■ **Exercise**
Nothing past the line containing "Un herido muy" belongs in the output. Copy exactly every line of the data below from the first up to and including it.

■ **Supplied material**
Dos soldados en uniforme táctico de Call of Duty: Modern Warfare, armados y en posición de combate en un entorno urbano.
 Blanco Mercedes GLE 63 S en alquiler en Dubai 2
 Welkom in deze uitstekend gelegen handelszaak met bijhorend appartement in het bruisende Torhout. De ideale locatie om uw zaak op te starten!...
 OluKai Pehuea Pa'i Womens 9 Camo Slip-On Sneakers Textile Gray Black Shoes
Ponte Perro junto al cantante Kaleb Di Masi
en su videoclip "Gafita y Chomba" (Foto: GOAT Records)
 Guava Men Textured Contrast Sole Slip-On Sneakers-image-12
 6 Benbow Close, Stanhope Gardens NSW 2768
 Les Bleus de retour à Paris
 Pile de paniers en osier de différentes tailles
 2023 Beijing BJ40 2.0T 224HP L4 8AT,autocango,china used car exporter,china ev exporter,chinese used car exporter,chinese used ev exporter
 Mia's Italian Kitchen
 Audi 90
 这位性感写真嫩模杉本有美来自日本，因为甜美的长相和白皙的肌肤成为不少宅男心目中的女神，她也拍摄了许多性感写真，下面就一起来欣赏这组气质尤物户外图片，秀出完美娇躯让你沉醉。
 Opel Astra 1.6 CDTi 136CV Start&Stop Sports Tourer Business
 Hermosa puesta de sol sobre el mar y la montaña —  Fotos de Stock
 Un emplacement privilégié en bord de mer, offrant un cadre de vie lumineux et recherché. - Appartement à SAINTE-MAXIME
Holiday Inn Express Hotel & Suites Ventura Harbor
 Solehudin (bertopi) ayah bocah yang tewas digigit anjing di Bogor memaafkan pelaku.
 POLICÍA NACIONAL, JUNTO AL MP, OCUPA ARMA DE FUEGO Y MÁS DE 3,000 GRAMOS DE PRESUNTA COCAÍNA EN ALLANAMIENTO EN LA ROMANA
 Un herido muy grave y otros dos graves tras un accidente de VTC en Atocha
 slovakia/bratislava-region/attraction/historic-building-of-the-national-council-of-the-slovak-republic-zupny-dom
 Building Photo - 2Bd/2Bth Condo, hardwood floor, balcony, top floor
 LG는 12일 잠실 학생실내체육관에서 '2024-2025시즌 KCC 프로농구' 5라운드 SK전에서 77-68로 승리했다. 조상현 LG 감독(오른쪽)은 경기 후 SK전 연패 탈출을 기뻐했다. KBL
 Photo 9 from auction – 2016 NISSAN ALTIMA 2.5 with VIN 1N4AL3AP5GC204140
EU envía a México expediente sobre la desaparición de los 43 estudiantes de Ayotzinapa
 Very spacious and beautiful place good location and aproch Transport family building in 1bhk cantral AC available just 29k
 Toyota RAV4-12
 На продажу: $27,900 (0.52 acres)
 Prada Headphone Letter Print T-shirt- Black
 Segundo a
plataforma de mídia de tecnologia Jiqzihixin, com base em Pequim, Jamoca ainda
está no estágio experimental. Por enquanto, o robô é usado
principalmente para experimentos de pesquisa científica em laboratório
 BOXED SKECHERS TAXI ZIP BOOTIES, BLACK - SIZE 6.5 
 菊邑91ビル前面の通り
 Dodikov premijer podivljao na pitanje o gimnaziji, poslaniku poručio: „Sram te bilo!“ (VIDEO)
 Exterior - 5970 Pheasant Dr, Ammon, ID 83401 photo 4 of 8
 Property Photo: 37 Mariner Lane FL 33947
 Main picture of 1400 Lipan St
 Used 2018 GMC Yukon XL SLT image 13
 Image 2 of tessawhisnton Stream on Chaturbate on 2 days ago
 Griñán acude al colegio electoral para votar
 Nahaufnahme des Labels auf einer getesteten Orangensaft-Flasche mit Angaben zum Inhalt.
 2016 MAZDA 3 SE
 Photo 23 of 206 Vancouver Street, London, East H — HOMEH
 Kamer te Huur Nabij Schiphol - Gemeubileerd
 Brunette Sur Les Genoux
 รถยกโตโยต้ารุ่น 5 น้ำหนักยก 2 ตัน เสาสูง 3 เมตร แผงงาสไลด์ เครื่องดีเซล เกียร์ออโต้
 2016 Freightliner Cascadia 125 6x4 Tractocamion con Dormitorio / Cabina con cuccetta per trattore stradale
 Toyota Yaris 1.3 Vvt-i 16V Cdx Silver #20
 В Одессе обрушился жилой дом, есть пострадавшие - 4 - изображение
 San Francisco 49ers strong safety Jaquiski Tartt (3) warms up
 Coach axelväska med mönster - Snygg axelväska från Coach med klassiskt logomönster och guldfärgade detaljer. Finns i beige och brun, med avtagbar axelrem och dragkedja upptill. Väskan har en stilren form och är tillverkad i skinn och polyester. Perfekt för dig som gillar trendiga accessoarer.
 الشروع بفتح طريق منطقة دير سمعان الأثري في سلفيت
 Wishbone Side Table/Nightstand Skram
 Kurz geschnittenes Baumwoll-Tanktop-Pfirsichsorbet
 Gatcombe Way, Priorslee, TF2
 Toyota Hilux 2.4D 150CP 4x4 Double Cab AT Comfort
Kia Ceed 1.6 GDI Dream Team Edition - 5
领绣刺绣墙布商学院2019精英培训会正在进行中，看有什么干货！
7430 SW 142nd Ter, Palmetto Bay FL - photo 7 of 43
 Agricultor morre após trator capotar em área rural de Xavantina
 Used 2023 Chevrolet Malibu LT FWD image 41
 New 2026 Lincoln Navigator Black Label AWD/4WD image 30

■ **Output for this exercise**
Dos soldados en uniforme táctico de Call of Duty: Modern Warfare, armados y en posición de combate en un entorno urbano.
 Blanco Mercedes GLE 63 S en alquiler en Dubai 2
 Welkom in deze uitstekend gelegen handelszaak met bijhorend appartement in het bruisende Torhout. De ideale locatie om uw zaak op te starten!...
 OluKai Pehuea Pa'i Womens 9 Camo Slip-On Sneakers Textile Gray Black Shoes
Ponte Perro junto al cantante Kaleb Di Masi
en su videoclip "Gafita y Chomba" (Foto: GOAT Records)
 Guava Men Textured Contrast Sole Slip-On Sneakers-image-12
 6 Benbow Close, Stanhope Gardens NSW 2768
 Les Bleus de retour à Paris
 Pile de paniers en osier de différentes tailles
 2023 Beijing BJ40 2.0T 224HP L4 8AT,autocango,china used car exporter,china ev exporter,chinese used car exporter,chinese used ev exporter
 Mia's Italian Kitchen
 Audi 90
 这位性感写真嫩模杉本有美来自日本，因为甜美的长相和白皙的肌肤成为不少宅男心目中的女神，她也拍摄了许多性感写真，下面就一起来欣赏这组气质尤物户外图片，秀出完美娇躯让你沉醉。
 Opel Astra 1.6 CDTi 136CV Start&Stop Sports Tourer Business
 Hermosa puesta de sol sobre el mar y la montaña —  Fotos de Stock
 Un emplacement privilégié en bord de mer, offrant un cadre de vie lumineux et recherché. - Appartement à SAINTE-MAXIME
Holiday Inn Express Hotel & Suites Ventura Harbor
 Solehudin (bertopi) ayah bocah yang tewas digigit anjing di Bogor memaafkan pelaku.
 POLICÍA NACIONAL, JUNTO AL MP, OCUPA ARMA DE FUEGO Y MÁS DE 3,000 GRAMOS DE PRESUNTA COCAÍNA EN ALLANAMIENTO EN LA ROMANA
 Un herido muy grave y otros dos graves tras un accidente de VTC en Atocha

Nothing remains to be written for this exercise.